Your task >>
Write out exactly the lines from the one containing "So Charm Bijoux" through the last line of the records below, including both.

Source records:
---+---
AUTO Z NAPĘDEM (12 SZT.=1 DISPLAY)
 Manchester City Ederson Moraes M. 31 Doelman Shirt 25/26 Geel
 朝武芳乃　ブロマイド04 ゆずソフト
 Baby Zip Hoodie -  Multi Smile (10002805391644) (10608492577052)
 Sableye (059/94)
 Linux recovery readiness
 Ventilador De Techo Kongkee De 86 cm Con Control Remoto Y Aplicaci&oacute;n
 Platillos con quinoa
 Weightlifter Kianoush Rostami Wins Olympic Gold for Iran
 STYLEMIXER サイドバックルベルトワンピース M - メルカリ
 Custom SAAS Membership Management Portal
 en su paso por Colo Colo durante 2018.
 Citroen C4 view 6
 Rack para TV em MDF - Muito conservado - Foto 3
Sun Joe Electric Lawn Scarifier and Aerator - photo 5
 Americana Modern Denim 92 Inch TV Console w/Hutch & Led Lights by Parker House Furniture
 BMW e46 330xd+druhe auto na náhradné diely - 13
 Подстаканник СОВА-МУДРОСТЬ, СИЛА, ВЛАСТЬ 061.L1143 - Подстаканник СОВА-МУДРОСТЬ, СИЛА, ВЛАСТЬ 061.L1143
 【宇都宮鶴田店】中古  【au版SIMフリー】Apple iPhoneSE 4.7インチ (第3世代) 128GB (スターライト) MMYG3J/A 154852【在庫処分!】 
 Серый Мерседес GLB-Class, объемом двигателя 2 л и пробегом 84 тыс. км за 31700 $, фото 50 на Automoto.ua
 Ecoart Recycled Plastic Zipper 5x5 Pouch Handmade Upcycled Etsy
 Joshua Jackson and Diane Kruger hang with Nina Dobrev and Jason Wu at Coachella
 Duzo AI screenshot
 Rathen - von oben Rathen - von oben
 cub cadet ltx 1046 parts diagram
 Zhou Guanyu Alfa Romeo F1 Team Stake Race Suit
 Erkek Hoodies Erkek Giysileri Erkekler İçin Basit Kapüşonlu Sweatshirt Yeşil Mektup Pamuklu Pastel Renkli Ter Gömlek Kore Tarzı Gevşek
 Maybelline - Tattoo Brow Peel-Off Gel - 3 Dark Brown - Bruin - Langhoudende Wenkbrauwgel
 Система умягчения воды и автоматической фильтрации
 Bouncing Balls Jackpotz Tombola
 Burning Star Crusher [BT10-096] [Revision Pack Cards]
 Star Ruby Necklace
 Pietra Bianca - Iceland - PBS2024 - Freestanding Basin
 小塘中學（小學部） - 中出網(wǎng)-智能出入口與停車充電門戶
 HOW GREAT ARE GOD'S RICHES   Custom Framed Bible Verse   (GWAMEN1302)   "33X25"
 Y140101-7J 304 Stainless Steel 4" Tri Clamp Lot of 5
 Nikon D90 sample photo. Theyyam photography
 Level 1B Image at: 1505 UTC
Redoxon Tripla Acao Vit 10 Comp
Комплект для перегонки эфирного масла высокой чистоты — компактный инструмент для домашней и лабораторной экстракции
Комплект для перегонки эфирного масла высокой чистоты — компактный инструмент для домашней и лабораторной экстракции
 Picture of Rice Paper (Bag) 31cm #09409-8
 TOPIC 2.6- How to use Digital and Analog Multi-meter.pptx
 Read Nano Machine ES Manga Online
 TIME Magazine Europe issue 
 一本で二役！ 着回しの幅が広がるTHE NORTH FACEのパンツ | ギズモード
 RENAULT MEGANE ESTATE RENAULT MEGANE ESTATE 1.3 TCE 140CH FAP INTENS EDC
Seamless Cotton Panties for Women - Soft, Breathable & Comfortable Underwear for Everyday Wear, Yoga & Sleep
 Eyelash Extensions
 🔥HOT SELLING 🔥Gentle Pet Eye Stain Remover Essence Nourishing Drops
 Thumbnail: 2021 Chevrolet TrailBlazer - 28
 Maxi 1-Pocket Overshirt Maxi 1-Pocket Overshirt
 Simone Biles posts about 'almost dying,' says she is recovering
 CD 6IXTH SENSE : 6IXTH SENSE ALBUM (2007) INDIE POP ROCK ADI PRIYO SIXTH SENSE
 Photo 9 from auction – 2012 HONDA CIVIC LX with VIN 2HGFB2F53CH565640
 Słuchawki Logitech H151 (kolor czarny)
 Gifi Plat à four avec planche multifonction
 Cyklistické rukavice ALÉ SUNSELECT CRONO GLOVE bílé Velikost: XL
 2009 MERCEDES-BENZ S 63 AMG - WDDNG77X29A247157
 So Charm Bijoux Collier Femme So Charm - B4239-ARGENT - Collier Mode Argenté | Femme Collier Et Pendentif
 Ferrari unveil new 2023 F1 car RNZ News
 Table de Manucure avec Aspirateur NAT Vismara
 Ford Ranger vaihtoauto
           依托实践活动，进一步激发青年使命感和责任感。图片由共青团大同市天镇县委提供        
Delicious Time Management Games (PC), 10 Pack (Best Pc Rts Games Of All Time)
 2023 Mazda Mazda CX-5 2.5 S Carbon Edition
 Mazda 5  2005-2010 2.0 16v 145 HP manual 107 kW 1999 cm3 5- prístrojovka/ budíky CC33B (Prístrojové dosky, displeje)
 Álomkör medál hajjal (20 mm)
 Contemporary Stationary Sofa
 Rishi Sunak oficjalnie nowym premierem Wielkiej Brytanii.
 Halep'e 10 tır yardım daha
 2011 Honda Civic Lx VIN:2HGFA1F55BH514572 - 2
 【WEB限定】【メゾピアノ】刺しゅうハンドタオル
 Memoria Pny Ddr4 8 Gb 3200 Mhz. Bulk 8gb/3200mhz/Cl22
---+---
Answer for the task >>
 So Charm Bijoux Collier Femme So Charm - B4239-ARGENT - Collier Mode Argenté | Femme Collier Et Pendentif
 Ferrari unveil new 2023 F1 car RNZ News
 Table de Manucure avec Aspirateur NAT Vismara
 Ford Ranger vaihtoauto
           依托实践活动，进一步激发青年使命感和责任感。图片由共青团大同市天镇县委提供        
Delicious Time Management Games (PC), 10 Pack (Best Pc Rts Games Of All Time)
 2023 Mazda Mazda CX-5 2.5 S Carbon Edition
 Mazda 5  2005-2010 2.0 16v 145 HP manual 107 kW 1999 cm3 5- prístrojovka/ budíky CC33B (Prístrojové dosky, displeje)
 Álomkör medál hajjal (20 mm)
 Contemporary Stationary Sofa
 Rishi Sunak oficjalnie nowym premierem Wielkiej Brytanii.
 Halep'e 10 tır yardım daha
 2011 Honda Civic Lx VIN:2HGFA1F55BH514572 - 2
 【WEB限定】【メゾピアノ】刺しゅうハンドタオル
 Memoria Pny Ddr4 8 Gb 3200 Mhz. Bulk 8gb/3200mhz/Cl22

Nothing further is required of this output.